2. The deep well high-efficiency slag-discharging air impactor of claim 1, wherein: a brush plate (121) is fixed on a bottom end drill bit (12) of the drill rod (11), and a supporting ring (111) is horizontally fixed on the top of the outer circumferential surface of the drill rod (11).

3. The deep well high-efficiency slag-discharging air impactor of claim 2, wherein: the upper part of the drill rod (11) is vertically sleeved with a sleeve (13) in a sliding manner, and the bottom of the sleeve (13) is vertically sleeved with a spring (14).

4. A deep well high efficiency slag removal air impactor as defined in claim 3, wherein: the upper end and the lower end of the spring (14) are respectively fixed on the top end of the sleeve (13) and the supporting ring (111), and the top end of the drill rod (11) is fixedly penetrated by a connecting cylinder (15).

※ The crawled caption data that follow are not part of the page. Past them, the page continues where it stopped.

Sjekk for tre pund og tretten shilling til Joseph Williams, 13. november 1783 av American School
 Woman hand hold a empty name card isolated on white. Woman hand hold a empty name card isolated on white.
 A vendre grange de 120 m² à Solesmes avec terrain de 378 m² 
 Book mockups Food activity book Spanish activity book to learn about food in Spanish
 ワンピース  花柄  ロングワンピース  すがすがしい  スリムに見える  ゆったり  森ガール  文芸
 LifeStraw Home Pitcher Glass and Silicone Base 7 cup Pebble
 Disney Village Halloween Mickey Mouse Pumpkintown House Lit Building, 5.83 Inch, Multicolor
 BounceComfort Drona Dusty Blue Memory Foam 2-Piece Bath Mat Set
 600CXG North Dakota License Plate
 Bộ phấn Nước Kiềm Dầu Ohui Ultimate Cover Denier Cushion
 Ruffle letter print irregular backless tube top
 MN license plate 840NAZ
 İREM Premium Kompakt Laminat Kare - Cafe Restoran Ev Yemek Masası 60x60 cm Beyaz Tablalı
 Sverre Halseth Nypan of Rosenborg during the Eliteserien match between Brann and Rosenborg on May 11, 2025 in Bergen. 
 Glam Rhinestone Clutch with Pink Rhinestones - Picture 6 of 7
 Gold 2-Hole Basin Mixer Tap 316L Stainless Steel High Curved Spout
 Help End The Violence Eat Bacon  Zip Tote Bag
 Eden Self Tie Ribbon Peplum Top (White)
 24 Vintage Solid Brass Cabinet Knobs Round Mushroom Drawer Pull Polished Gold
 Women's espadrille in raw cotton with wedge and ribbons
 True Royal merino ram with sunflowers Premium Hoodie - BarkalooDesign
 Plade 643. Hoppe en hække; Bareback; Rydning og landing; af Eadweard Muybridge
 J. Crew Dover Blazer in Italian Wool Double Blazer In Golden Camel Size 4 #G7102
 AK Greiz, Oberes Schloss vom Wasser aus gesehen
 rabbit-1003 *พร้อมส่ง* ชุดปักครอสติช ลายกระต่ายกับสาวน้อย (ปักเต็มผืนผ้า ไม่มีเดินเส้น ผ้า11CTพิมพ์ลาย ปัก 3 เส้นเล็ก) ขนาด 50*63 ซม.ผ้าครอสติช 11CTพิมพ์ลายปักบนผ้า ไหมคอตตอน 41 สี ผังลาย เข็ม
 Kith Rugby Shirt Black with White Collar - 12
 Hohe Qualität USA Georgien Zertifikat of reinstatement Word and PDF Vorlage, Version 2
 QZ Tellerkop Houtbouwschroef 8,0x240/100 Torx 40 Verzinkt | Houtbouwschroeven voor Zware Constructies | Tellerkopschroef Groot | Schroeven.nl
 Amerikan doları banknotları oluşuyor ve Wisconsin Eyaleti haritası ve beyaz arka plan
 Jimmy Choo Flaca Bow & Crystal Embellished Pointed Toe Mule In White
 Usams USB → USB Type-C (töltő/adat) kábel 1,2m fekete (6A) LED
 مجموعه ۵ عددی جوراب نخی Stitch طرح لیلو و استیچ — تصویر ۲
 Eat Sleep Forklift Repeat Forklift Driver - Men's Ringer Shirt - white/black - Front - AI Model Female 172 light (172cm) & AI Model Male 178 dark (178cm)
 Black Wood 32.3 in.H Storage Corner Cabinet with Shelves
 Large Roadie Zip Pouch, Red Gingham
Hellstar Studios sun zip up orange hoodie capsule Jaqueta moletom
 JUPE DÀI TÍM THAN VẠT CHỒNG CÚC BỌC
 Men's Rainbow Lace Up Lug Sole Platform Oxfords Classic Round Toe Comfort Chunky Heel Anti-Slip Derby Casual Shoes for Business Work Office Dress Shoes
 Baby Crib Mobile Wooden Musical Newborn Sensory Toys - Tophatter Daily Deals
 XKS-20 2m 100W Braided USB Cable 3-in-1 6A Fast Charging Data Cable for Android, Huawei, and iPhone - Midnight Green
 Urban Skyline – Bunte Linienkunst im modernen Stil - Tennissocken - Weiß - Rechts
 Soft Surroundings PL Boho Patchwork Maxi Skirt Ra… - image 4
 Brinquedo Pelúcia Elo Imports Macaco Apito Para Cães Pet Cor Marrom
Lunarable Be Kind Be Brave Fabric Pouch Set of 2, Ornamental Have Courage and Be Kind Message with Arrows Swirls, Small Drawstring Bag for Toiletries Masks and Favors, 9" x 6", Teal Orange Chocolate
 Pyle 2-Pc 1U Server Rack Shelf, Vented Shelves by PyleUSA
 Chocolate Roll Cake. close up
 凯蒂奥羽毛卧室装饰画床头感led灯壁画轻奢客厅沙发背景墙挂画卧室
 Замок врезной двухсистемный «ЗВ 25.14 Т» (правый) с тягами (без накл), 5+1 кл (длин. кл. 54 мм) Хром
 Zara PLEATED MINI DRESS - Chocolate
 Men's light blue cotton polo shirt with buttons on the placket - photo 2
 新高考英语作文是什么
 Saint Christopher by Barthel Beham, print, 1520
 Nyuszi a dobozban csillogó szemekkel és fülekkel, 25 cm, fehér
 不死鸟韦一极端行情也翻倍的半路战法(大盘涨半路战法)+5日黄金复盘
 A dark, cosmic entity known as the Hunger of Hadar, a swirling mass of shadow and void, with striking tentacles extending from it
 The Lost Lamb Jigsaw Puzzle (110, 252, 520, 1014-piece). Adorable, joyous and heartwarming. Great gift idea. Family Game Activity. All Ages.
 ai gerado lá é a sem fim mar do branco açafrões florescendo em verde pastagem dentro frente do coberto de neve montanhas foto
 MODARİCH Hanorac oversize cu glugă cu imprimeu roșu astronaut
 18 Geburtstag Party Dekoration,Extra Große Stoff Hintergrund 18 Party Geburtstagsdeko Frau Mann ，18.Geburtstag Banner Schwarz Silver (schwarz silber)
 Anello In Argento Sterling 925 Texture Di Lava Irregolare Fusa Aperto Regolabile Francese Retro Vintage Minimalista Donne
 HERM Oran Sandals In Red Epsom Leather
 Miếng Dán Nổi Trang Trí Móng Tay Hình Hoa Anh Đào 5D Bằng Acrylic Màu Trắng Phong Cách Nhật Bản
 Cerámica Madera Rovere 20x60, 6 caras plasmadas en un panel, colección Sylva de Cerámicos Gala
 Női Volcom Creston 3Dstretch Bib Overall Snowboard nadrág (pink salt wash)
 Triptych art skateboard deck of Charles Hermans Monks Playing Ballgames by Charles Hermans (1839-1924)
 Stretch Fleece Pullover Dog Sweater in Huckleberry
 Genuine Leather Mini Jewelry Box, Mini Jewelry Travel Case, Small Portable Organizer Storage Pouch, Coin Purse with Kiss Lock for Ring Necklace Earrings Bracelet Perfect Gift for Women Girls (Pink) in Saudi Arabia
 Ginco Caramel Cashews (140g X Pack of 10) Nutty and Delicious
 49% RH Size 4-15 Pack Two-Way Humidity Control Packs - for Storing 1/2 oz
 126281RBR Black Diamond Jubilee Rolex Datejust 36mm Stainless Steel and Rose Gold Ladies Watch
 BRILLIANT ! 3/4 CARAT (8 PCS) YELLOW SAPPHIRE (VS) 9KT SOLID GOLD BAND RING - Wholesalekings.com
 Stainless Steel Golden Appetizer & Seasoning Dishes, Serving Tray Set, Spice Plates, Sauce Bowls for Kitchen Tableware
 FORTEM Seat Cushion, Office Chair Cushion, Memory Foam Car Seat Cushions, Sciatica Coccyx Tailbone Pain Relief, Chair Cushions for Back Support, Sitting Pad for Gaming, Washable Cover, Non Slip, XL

5. The deep well high-efficiency slag-discharging air impactor of claim 4, wherein: the connecting cylinder (15) is vertically inserted and communicated with the connecting cylinder (16), flange rings are fixed on the outer circumferential surfaces of the connecting cylinder (15) and the connecting cylinder (16), and the flange rings of the connecting cylinder (15) and the connecting cylinder (16) are fixedly connected through bolts.

6. The deep well high-efficiency slag-discharging air impactor of claim 1, wherein: screw hole blocks (232) are vertically fixed on the upper clamping frame (23) and the lower clamping frame (23) of the air inlet piece (21) and the air outlet piece (22), and the screw hole blocks (232) on the air inlet piece (21) and the air outlet piece (22) are fixedly connected through bolts.

7. The deep well high-efficiency slag-discharging air impactor of claim 1, wherein: the end part of the exhaust pipe (221) is communicated and assembled with a recovery cylinder (222), and the other end of the recovery cylinder (222) is communicated and fixed with a cloth bag (223).